Sketch, Ruby Bay, Elie.
A good westerley this morning ruffles the shoreline. Clambering over the rocks, a picture of my younger self, but now cautious, considered. I try a small leap, it feels good, I just need a bit of cajoling these days. The rocks here are impermeable, the sea has seemingly made little impact, grey in colour or rather, if I look closer more of a burnt charcoal ashey smudge of a colour- ‘mole’s breath’ according to a paint chart I am looking at on my desk at home. Below the rocks the sea slaps, slips over bronze bladderwrack . The wind is picking up and the sea responds, churning itself round the small bay, dashing into the smallest of gaps, salt floats high in the air, curing this landscape like a memory. A startling white gannet glides past heading east to the Bass Rock.

Climbing this short rise the view to the west and the north opens out towards mountains in the distance – Schiehallion for sure and others I can’t name as yet. Swallows dart across the topmost fields, old hawthorns berried on the brow of the hill. Eyebright, birdsong, gorse bees. A housemartin zips past my face, so close I feel the whoosh as it dips its wing and is away, like the summer up here on the edge. A vole scurries into the long grass. A new view, a new home ? I like the clear, broad space and the constant north light. I think so.

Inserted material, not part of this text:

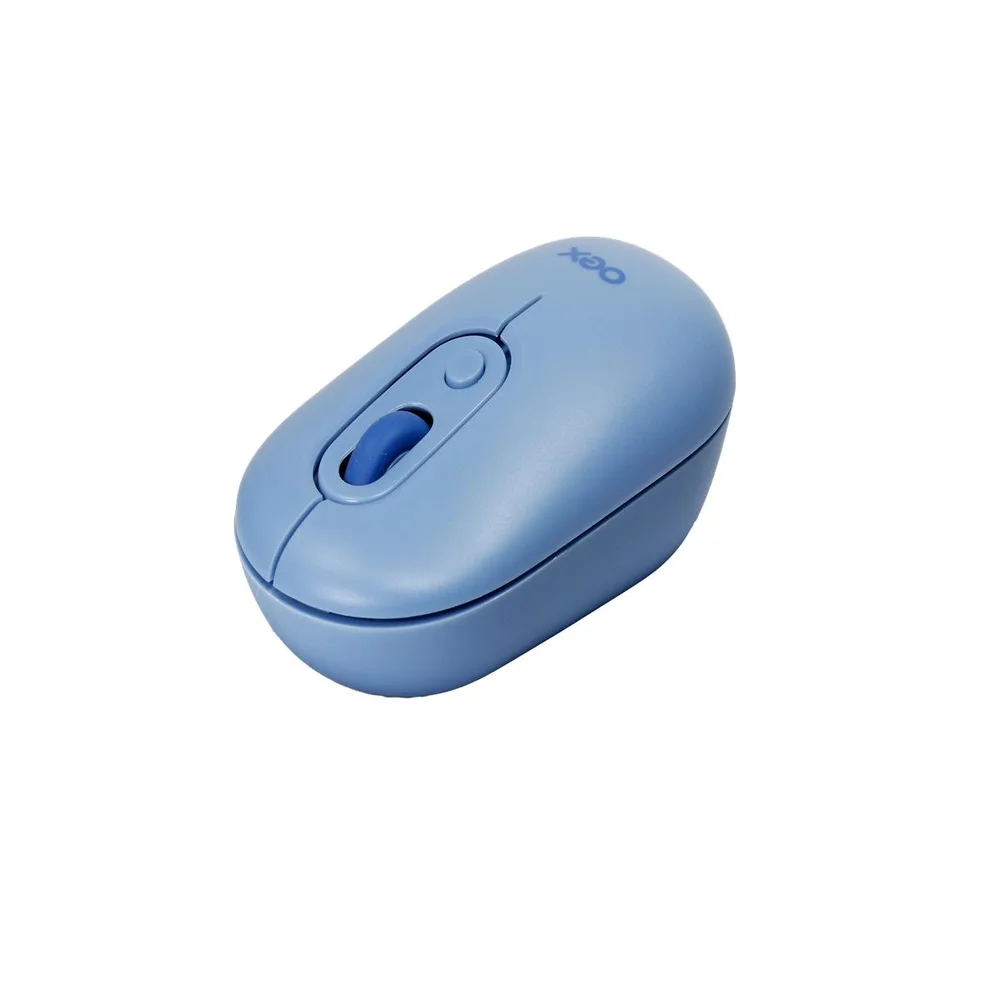 Imagem 5 de 5 do produto Mouse Sem Fio Bluetooth Oex Ms604 Retro 1600dpi Premium - Azul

I am just back from an epic trip to China to visit our son Joe. We travelled from Shanghai across China to the Tibetan plateau and back again. It was exhausting, wonderful and eye opening . There were only a handful of foreigners on the whole trip west and the further west we got the more the landscape became less known, less knowable – higher, broader, wilder with mountains in all directions. Local people wanted to take our photos which felt novel and odd but they were pleased to meet us and the differences between the more rural traditional landscapes and the new urban construction were stark. A fabulous trip. Need a month to recover 🙂

The trees have a heavy dark green velvet curtain feel to them, as if they are being pulled open and shut in the cool wind that blows in from the Tay. They are starting to reach the end of their fullness, too tired to keep their youthful hue . Cows daunder on the fields edge and behind, Normans Law, rising to such a view it is worth the climb – north, south, east, west – river, mountain, tree. An ancient history here sings the yellowhammer and wren while the yew trees in the churchyard shift their weight in response, a dance for what its worth, a memory of younger times.